Wednesday 19 February 2014



The Day That Nobody Died, Installation view, Unique C-type, 76.2x600 cm
In June of 2008 Broomberg and Chanarin traveled to Afghanistan to be embedded with British Army units on the front line in Helmand Province. In place of their cameras they took a roll of photographic paper 50 meters long and 76.2 cm wide contained in a simple, lightproof cardboard box. They arrived during the deadliest month of the war. On the first day of their visit a BBC fixer was dragged from his car and executed and nine Afghan soldiers were killed in a suicide attack. The following day, three British soldiers died, pushing the number of British combat fatalities to 100. Casualties continued until the fifth day when nobody died. In response to each of these events, and also to a series of more mundane moments, such as a visit to the troops by the Duke of York and a press conference, all events a photographer would record, Broomberg and Chanarin instead unrolled a seven-meter section of the paper and exposed it to the sun for 20 seconds. The results - seen here - deny the viewer the cathartic effect offered up by the conventional language of photographic responses to conflict and suffering.
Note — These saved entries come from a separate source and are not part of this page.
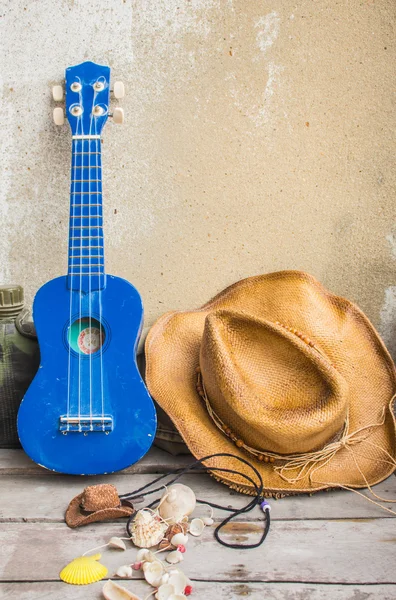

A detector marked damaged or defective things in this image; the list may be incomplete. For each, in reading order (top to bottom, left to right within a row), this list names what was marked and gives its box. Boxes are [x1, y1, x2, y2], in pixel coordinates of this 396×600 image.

cracked concrete wall [0, 0, 396, 356] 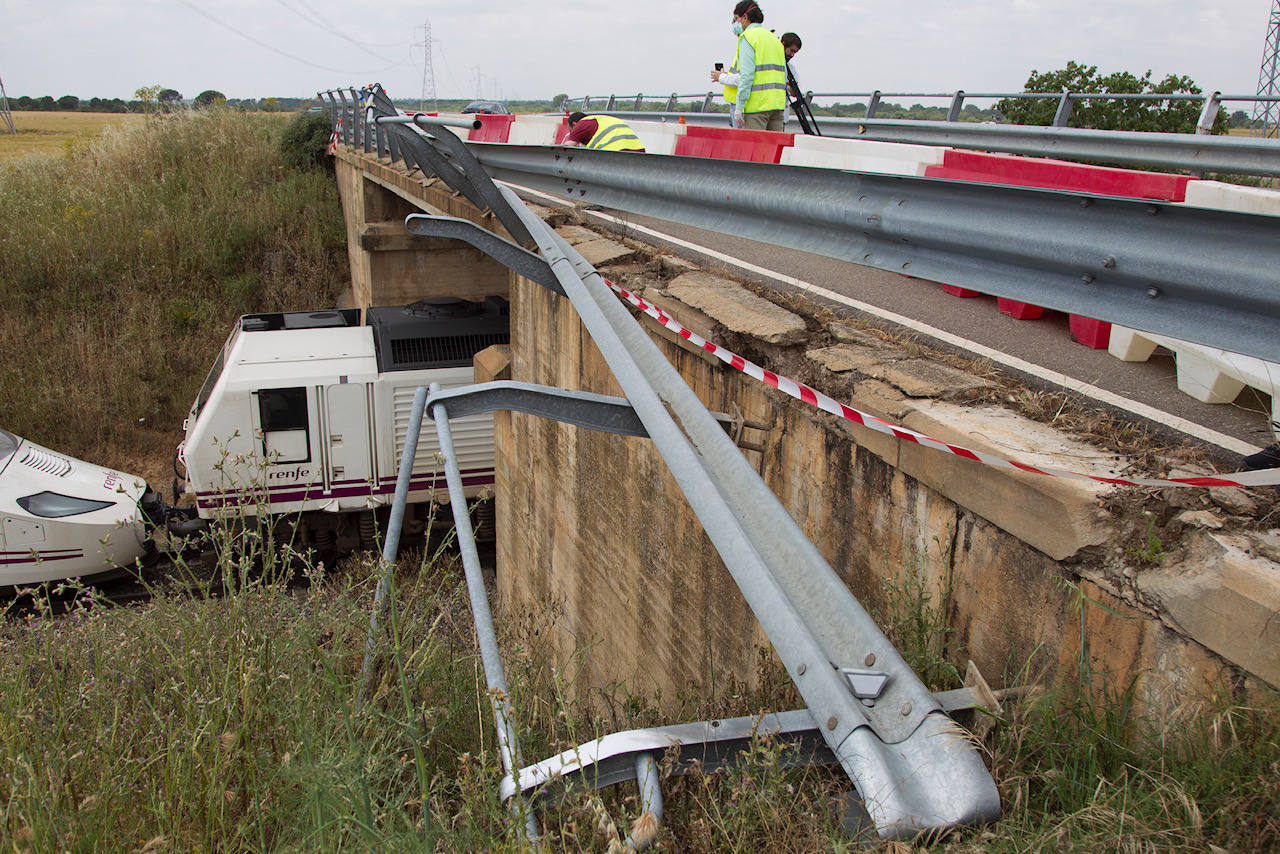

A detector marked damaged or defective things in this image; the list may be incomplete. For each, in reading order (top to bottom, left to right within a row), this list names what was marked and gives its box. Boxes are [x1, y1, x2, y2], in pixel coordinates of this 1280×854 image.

cracked bridge wall [490, 264, 1264, 720] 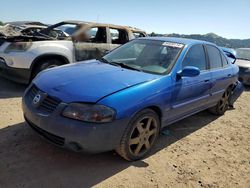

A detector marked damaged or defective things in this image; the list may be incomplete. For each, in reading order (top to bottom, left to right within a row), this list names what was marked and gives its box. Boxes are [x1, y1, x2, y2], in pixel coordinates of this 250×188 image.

wrecked vehicle [0, 20, 146, 83]
crushed vehicle nearby [0, 20, 146, 83]
wrecked vehicle [22, 37, 239, 161] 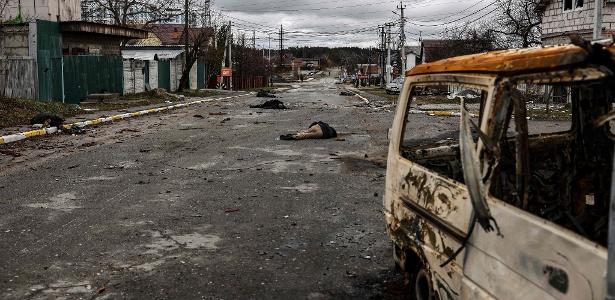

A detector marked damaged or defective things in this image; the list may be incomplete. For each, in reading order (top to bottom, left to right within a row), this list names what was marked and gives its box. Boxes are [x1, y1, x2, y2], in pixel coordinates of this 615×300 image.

damaged road [1, 78, 418, 298]
destroyed van [382, 40, 615, 300]
burned vehicle [384, 42, 615, 300]
destroyed car [384, 42, 615, 300] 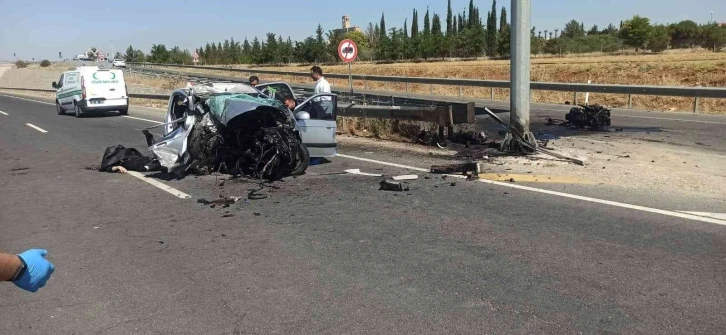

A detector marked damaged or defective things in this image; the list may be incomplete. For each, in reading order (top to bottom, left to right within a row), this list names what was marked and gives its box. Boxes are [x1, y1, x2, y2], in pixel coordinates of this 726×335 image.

mangled car wreck [143, 82, 338, 180]
wrecked car [145, 82, 342, 180] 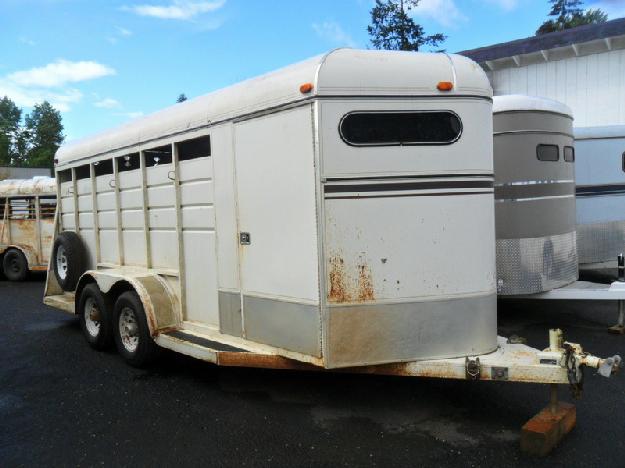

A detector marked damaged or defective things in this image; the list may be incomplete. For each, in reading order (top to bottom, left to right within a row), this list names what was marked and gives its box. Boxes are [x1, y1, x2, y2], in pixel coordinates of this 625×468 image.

rust stain [326, 256, 352, 304] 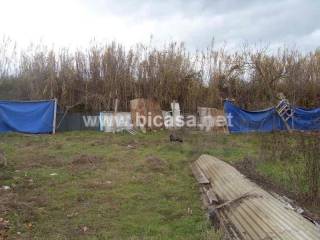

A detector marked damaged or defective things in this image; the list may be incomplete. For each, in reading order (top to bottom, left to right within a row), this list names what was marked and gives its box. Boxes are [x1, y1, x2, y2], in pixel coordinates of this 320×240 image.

rusty corrugated panel [192, 155, 320, 239]
sheet of rusted metal [192, 155, 320, 239] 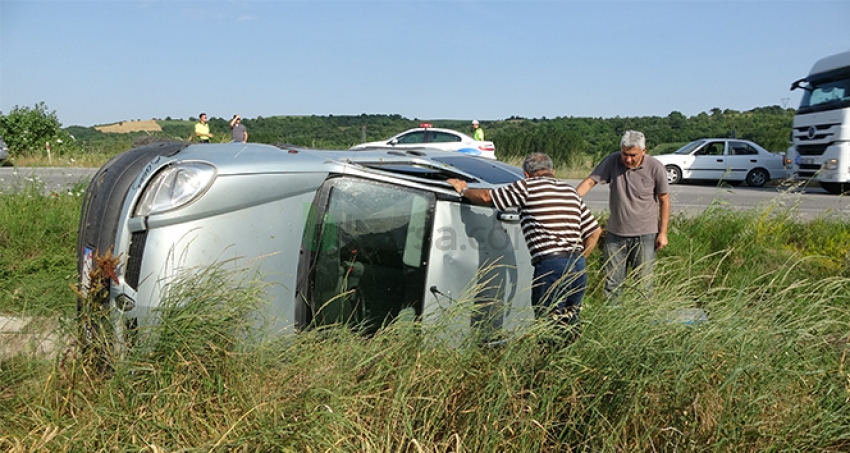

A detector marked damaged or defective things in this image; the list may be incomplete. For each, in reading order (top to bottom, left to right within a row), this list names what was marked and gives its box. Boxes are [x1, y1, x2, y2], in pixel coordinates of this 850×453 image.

overturned silver car [74, 141, 536, 346] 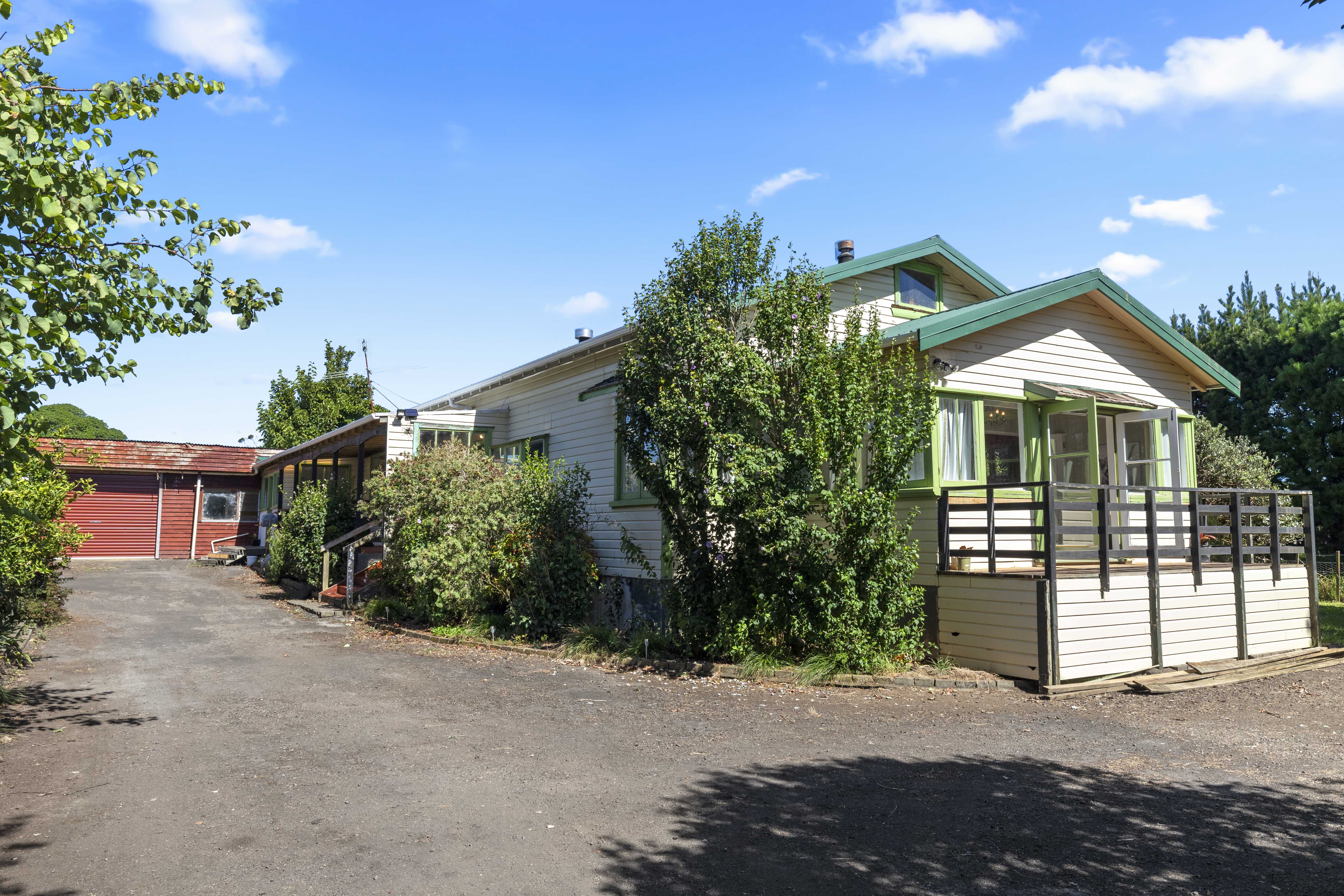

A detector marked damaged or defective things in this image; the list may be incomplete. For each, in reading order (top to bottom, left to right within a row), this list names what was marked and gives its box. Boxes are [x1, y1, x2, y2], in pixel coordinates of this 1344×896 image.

rusty roof sheet [45, 435, 271, 473] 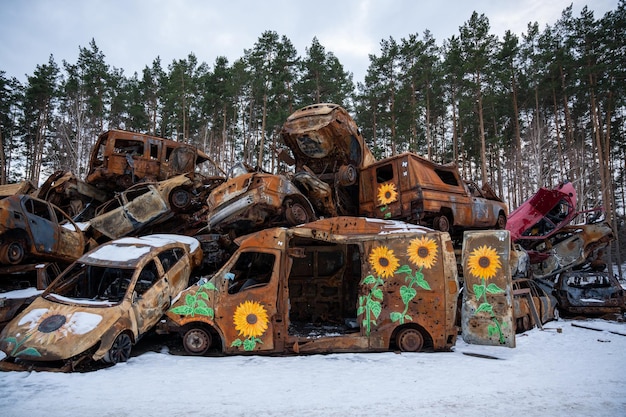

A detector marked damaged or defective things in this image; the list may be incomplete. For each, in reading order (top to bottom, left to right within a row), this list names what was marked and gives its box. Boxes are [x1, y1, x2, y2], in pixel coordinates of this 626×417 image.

rusted vehicle [0, 194, 86, 264]
destroyed car [0, 194, 86, 264]
abandoned vehicle [0, 194, 88, 264]
destroyed car [88, 173, 197, 239]
rusted vehicle [86, 173, 200, 239]
burned van [85, 129, 217, 191]
rusted vehicle [84, 128, 222, 190]
destroyed car [85, 128, 222, 190]
abandoned vehicle [84, 128, 223, 190]
abandoned vehicle [205, 162, 314, 234]
destroyed car [205, 163, 314, 236]
rusted vehicle [206, 163, 316, 236]
fire damage [0, 104, 616, 370]
rusted vehicle [280, 103, 376, 216]
rusted vehicle [280, 104, 504, 234]
rusted vehicle [356, 154, 508, 236]
destroyed car [356, 154, 508, 236]
rusted vehicle [502, 180, 576, 242]
destroyed car [508, 182, 576, 244]
rusted vehicle [524, 221, 612, 280]
rusted vehicle [0, 264, 63, 328]
destroyed car [0, 264, 63, 328]
destroyed car [0, 234, 200, 370]
rusted vehicle [0, 234, 201, 370]
abandoned vehicle [0, 234, 201, 370]
rusted vehicle [156, 216, 458, 356]
destroyed car [158, 216, 456, 356]
burned van [158, 216, 456, 356]
abandoned vehicle [157, 216, 458, 356]
rusted vehicle [512, 278, 556, 334]
destroyed car [512, 278, 556, 334]
rusted vehicle [552, 270, 620, 316]
destroyed car [552, 270, 620, 316]
abandoned vehicle [552, 270, 620, 316] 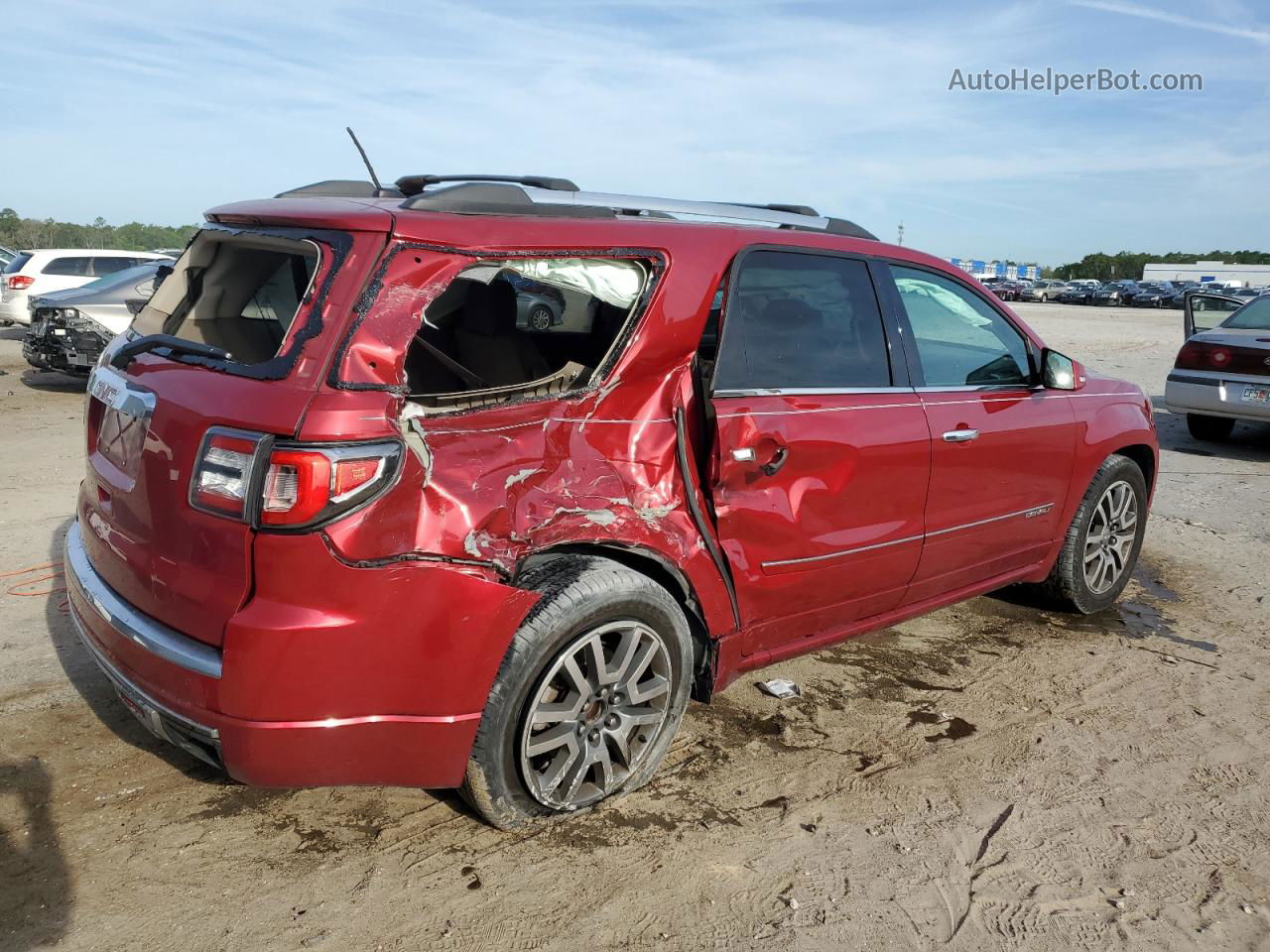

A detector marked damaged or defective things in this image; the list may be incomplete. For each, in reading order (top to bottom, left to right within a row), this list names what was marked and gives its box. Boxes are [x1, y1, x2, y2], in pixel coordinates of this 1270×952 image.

shattered window opening [131, 229, 319, 365]
broken rear side window [131, 229, 319, 368]
shattered window opening [404, 257, 645, 414]
broken rear side window [406, 257, 645, 414] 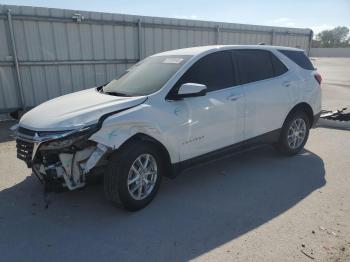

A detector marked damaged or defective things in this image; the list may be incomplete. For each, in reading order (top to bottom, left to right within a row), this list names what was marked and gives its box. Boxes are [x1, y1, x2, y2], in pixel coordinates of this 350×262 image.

crumpled hood [20, 88, 146, 131]
damaged front bumper [14, 125, 109, 190]
front end damage [15, 126, 109, 191]
broken headlight [39, 124, 98, 150]
exposed headlight assembly [39, 124, 98, 150] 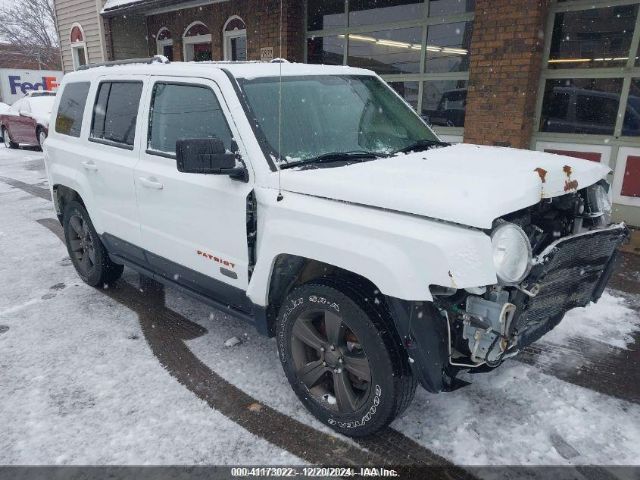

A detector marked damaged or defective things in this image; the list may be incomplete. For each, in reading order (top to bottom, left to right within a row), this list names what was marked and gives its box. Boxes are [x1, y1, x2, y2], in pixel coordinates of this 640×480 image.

crushed front end [432, 181, 628, 372]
Working in tandem with this deliberate evacuation of content, are the circumstances of the works' production, which amount to an absurd performance in which the British Army, unsuspectingly, played the lead role. Co-opted by the artists into transporting the box of photographic paper from London to Helmand, these soldiers helped in transporting the box from one military base to another, on Hercules and Chinooks, on buses, tanks and jeeps. In this performance, presented as a film, the box becomes an absurd, subversive object, its non-functionality sitting in quietly amused contrast to the functionality of the system that for a time served as its host. Like a barium test, the journey of the box became, when viewed from the right perspective, an analytical process, revealing the dynamics of the machine in its quotidian details, from the logistics of war to the collusion between the media and the military. The Day Nobody Died comprises of a series of radically non-figurative, unique, action-photographs, offering a profound critique of conflict photography in the age of embedded journalism and the current crisis in the concept of the engaged, professional witness.